I nodded. “I think you’re right.” I motioned to the waitress. “Give this man a drink,” I said, and handed her two bucks.
Next day, two or three times, I was on the verge of calling Margaret and telling her what I’d deduced. It could change your whole life, I told myself. But I couldn’t. Not yet. I wanted to nail it down.
That night I went to the synagogue. They were all there—the radicals, the scholars, Tilsen, the finger-man, the old gent with the skull cap. I took a wine and got right to the point with Rothman.
“You’d have liked to see Lloyd B. Jensen become president, wouldn’t you?”
He knew something was up. He didn’t take off the specs, just gave me a flat stare and nodded yes.
“Was he what the times called for? Was he historically necessary?”
“That’s a complicated question, McDonough. What makes you ask? Thinking of joining the Party?”
“No.” I stepped in closer to make sure he heard. “I’m thinking of telling Margaret Thornton who was behind her husband’s murder.”
He rubbed his beard and took that in. “Let me show you something,” he said.

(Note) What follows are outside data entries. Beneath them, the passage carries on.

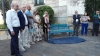 Inaugurazione della panchina azzurra a Giffoni Sei Casali (SA) il 20 luglio 2024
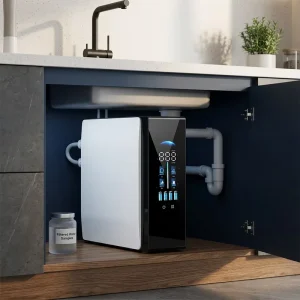 Undersink 1200GPD Tankless 7-Stage Reverse Osmosis Water Filtration System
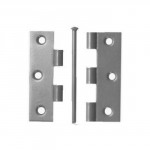 LOOSE PIN BUTT HINGE BRIGHT ZINC PLATED 100MM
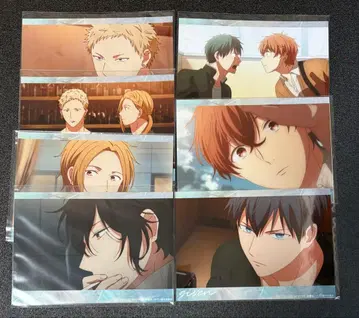 기븐 노이타미나 카페 2021 혜택 브로마이드 컴플리트 세트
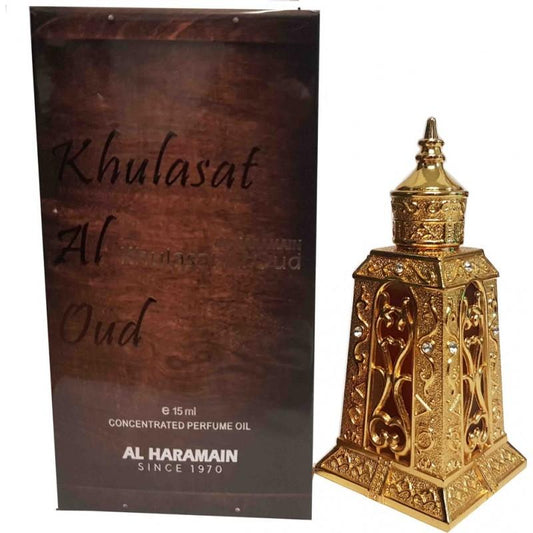 Khulasat Al Oud 15ml Al Haramain-almanaar Islamic Store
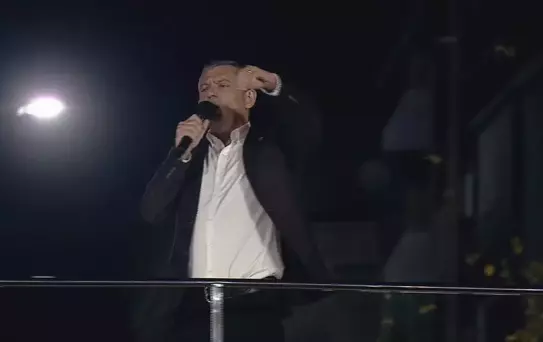 Özgür Özel Sultangazi'de konuştu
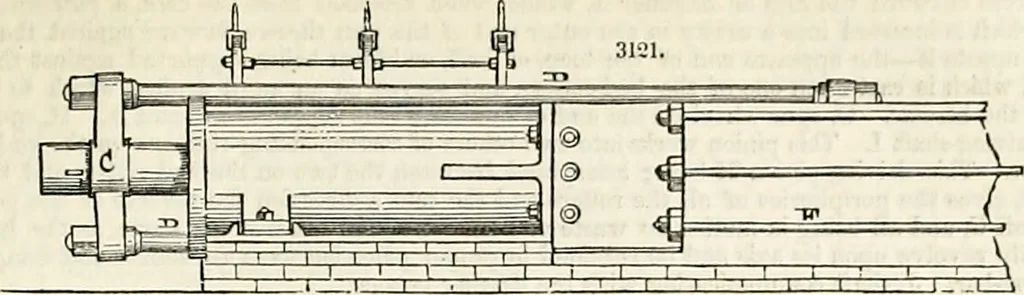 An illustration from Appleton's dictionary of machines, mechanics, engine-work, and engineering : illustrated with four thousand engravings on wood ; in two volumes, 1873, leaf 534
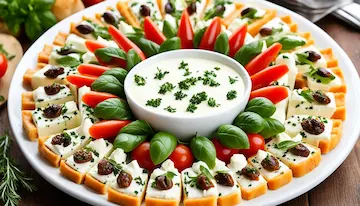 Best valuable appetizer recipe mozzarella and cream cheese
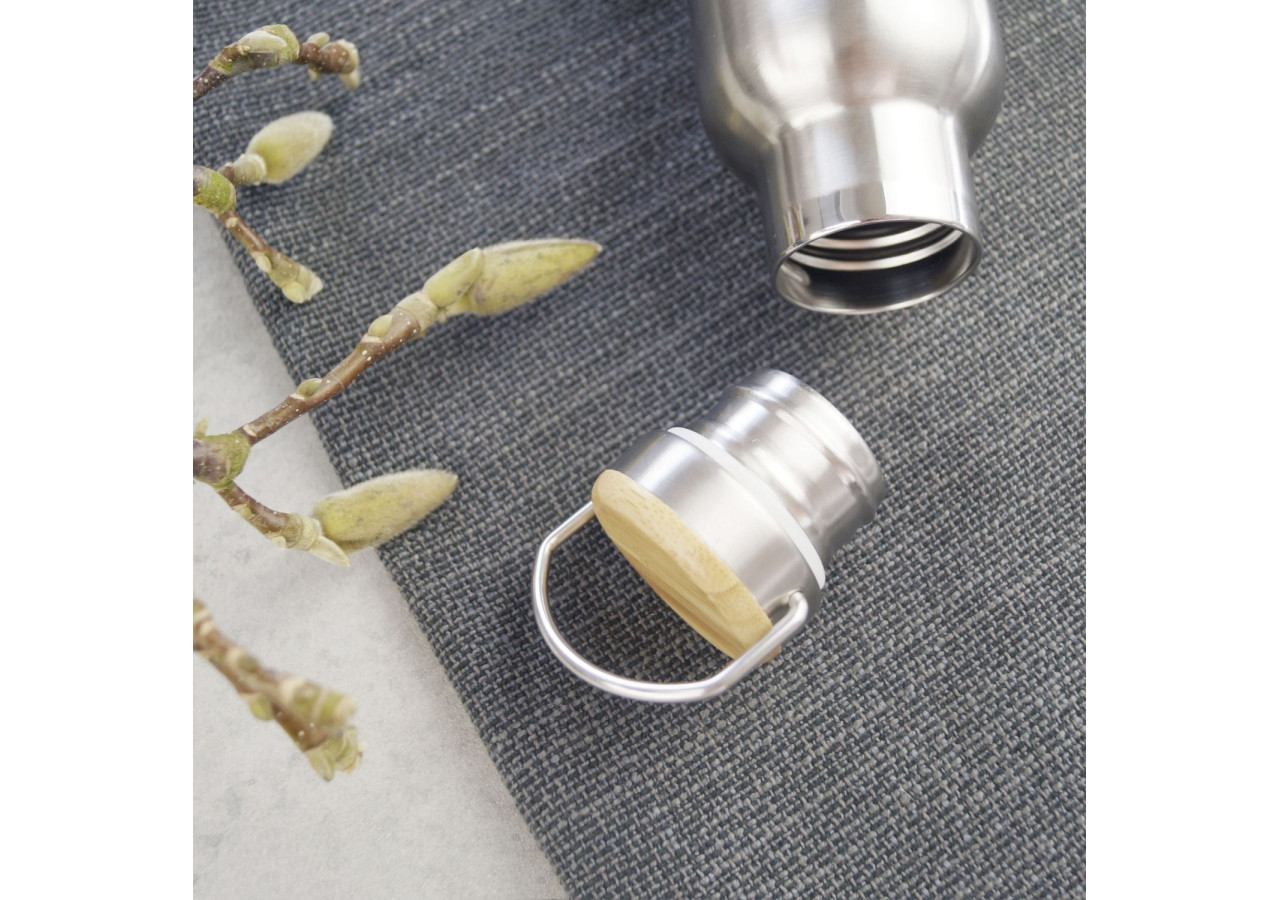 Thermosfles 600 ml - Acier inoxydable avec isolation double paroi - YY 003024 - Yummii Yummii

He took me by the arm and guided me into the thick of things. The air was blue with eye-stinging smoke, and there were so many people talking at once—gesturing, shouting, laughing, cursing—that nothing they said was intelligible. The word that came to mind was babble, but Rothman had another term, which he imparted by shouting in my ear.
“These are the masses,” he said. “Every kind of person with every experience you can imagine is here. Hard workers, lazy bastards, money grubbers, thinkers, doers, devout men, unbelievers, gentlemen, killers. Somebody says something, somebody else hears, passes it on inadvertently or on purpose, pure or changed to suit his own self-interest, and sooner or later, who knows why, somebody does something that matters. Somebody acts.”
“And then it’s history.”
“That’s right,” he agreed. “History is its own imperative. Anything can happen until something does. Then nothing else was ever possible. What are you going to tell Margaret?”
“I don’t know,” I replied, and I turned and walked out. I had goose bumps all the way to the bucket, wondering if someone was going to shoot me in the back.